FeedForward
¶
Overview¶
The FeedForward
module is a feedforward neural network with LayerNorms and activation functions, designed for various transformer-based models. It offers flexibility in terms of the activation functions used, allowing you to choose between GELU, SiLU, or ReLU squared. Additionally, it supports the Gated Linear Unit (GLU) activation and LayerNorm (LN) after the activation layer for advanced configurations.
Class Definition¶
class FeedForward(nn.Module):
"""
Feedforward neural network with LayerNorms and GELU activations
Args:
dim (int): Input dimension.
dim_out (int, optional): Output dimension. Defaults to None (same as input dimension).
mult (int, optional): Multiplier for the hidden dimension. Defaults to 4.
glu (bool, optional): Whether to use the Gated Linear Unit (GLU) activation. Defaults to False.
glu_mult_bias (bool, optional): Whether to use a bias term with the GLU activation. Defaults to False.
swish (bool, optional): Whether to use the SiLU activation. Defaults to False.
relu_squared (bool, optional): Whether to use the ReLU squared activation. Defaults to False.
post_act_ln (bool, optional): Whether to apply LayerNorm after activation. Defaults to False.
dropout (float, optional): Dropout probability. Defaults to 0.0.
no_bias (bool, optional): Whether to use bias terms in linear layers. Defaults to False.

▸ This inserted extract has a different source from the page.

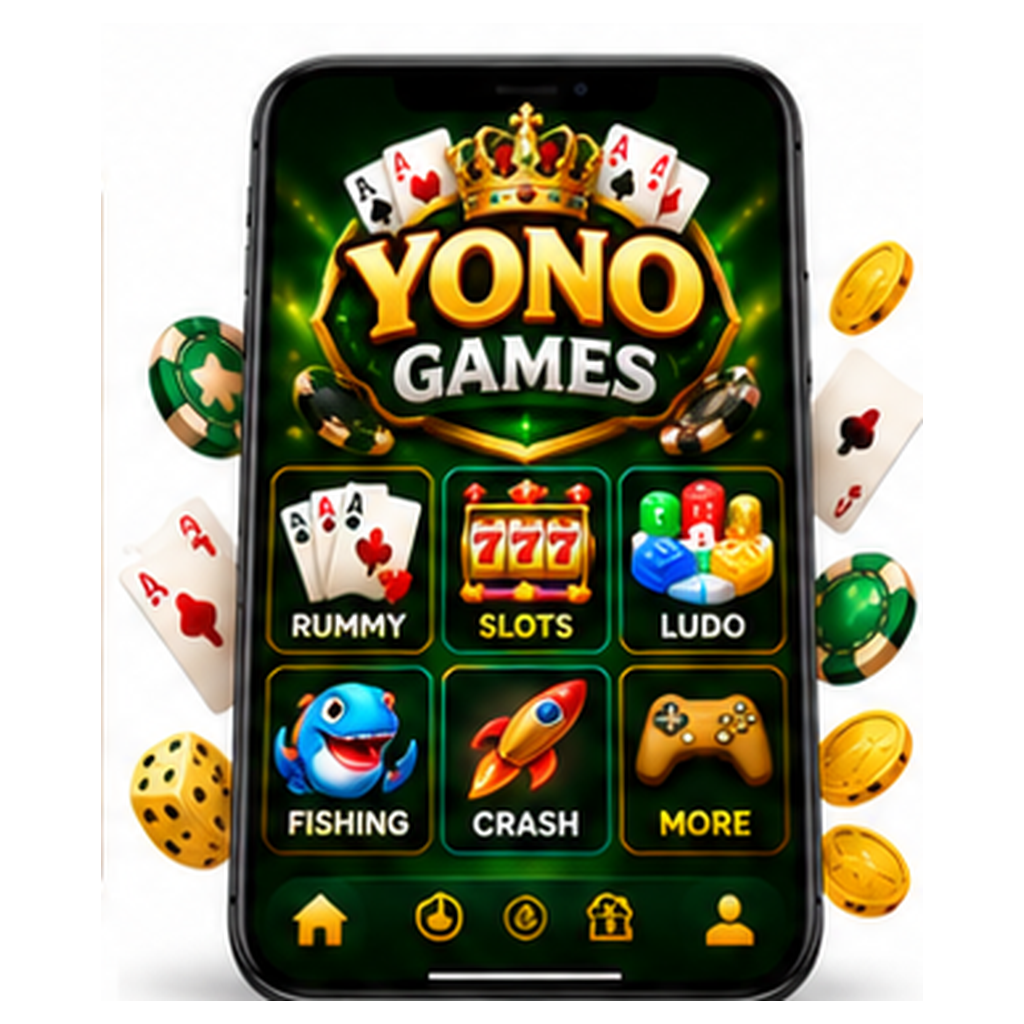 Illustrative AI-generated Youono Game smartphone mockup, not a real APK screenshot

zero_init_output (bool, optional): Whether to initialize the output linear layer to zero. Defaults to False.
Usage:
>>> model = FeedForward(768, 2048, 0.1)
>>> x = torch.randn(1, 768)
>>> model(x).shape
"""
Parameters¶
Parameter Name | Description | Default Value | Type |
---|---|---|---|
dim | Input dimension | - | int |
dim_out | Output dimension (optional) | None | int |
mult | Multiplier for hidden dimension | 4 | int |
glu | Whether to use GLU activation | False | bool |
glu_mult_bias | Whether to use bias term with GLU activation | False | bool |
swish | Whether to use SiLU activation | False | bool |
relu_squared | Whether to use ReLU squared activation | False | bool |
post_act_ln | Whether to apply LayerNorm after activation | False | bool |
dropout | Dropout probability | 0.0 | float |
no_bias | Whether to use bias terms in linear layers | False | bool |
zero_init_output | Whether to initialize the output linear layer to zero | False | bool |
Usage Examples¶
Example 1: Basic FeedForward Layer¶
Example 2: Using SiLU Activation¶
model = FeedForward(512, 1024, swish=True)
x = torch.randn(1, 512)
output = model(x)
print(output.shape)
Example 3: Advanced Configuration with GLU Activation and LayerNorm¶
model = FeedForward(256, 512, glu=True, post_act_ln=True, dropout=0.2)
x = torch.randn(1, 256)
output = model(x)
print(output.shape)
Functionality¶
The FeedForward
module performs a feedforward operation on the input tensor x
. It consists of a multi-layer perceptron (MLP) with an optional activation function and LayerNorm. The exact configuration depends on the parameters provided during initialization.
The key steps of the forward pass include:
1. Projection of the input tensor x
to an inner dimension.
2. Application of the specified activation function (e.g., GELU, SiLU, or ReLU squared).
3. Optionally, LayerNorm is applied after the activation.
4. Dropout is applied for regularization.
5. Finally, a linear transformation maps the inner dimension to the output dimension.
The FeedForward
module offers flexibility in choosing activation functions, enabling you to experiment with different configurations in transformer-based models.
Tips and Considerations¶
- Experiment with different activation functions to find the best configuration for your model.
- Adjust the dropout rate to control overfitting.
- Consider using LayerNorm for improved performance, especially in deep networks.
- The
zero_init_output
option can be useful for certain initialization strategies.